Thursday, August 18, 2011
Baring Teeth--Atrophy
The last few days I've been spending most of my time boxing up my life so that my wife and I can move into our new apartment. Moving is horrifying, and though I probably don't need to explain to you why it's so unpleasant, I'm going to anyway, because I'm bored and don't have any better ideas for how to start this thing. Moving affords me the opportunity to sift through all of my crap and see what kind of bullshit I've managed to accumulate and hide away in the little nooks and crannies of my apartment. It's all scraps of paper from a year ago with names of music shops written on them and a surprisingly thorough collection of joint braces, which includes a $350 ankle brace that I had to purchase from the doctor after my ill-fated trip to Las Vegas, where I came back with a ruined cell phone and a broken ankle.
That might have been the pinnacle of stupidity in my life.
So I get to sift through all of that crap and make snap decisions about what can be kept and what I can afford to purchase a second time should I ever go rolling fully clothed into the swimming pool at the Golden Nugget again. Then the rest of the stuff gets unceremoniously shoved into an old box where I hope it doesn't get damaged in the next couple of weeks while it's stacked up awkwardly in my formerly not-that-messy living room.
Sigh.
The most disturbing thing about getting moving is the filth that I've discovered that I'm apparently not only continuously generating, but that said filth is just going to be left behind for some jerk to clean up. Take, for example, my bed. Because I'm so successful, my mattress sits on the floor, thus allowing easier access to my mouth for the many bugs that are always crawling around my apartment, and also to show off to anybody who glances how I can't afford to buy a bed frame.

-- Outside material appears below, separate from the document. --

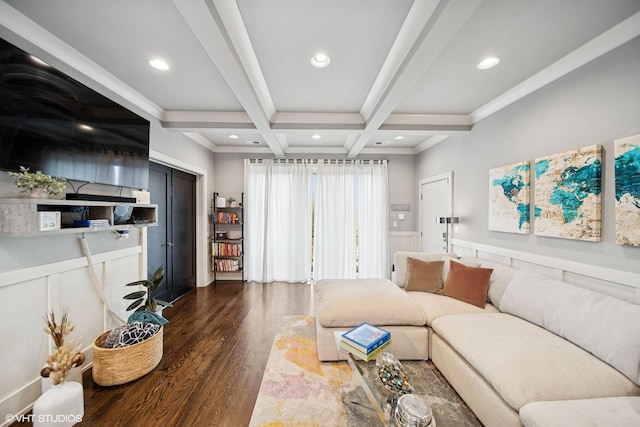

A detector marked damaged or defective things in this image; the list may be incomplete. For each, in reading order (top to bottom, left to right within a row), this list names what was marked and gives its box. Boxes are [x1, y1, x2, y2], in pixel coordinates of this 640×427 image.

rust throw pillow [404, 258, 444, 294]
rust throw pillow [442, 260, 492, 308]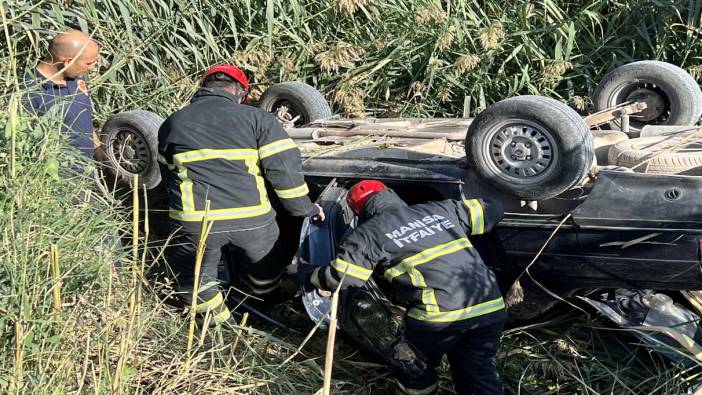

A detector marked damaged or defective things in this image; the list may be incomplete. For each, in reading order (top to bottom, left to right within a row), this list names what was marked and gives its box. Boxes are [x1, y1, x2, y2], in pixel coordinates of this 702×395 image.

Because I make blogger money.
But I had to get back there the other day to see if there were any giant spiders or delicious treats hidden behind the mattress (that place has historically been a treasure trove of Goldfish snack crackers, and I wasn't nearly covered enough in crumbs), and I noticed that the wall where my head sits all night is disgusting. It's black with head dirt! I never really took into account how dirty the top of my head was, or how often I'm apparently mashing my head into the wall and spreading said head filth all over the wall on my side of the bed. It looks like the wall inside of an insane asylum padded room, but with slightly less feces smeared on it.
Coming the realize that my apartment is a dank den of fart smells and head dirt is a jarring sensation. But it's not as jarring as listening to Baring Teeth's latest offering, Atrophy.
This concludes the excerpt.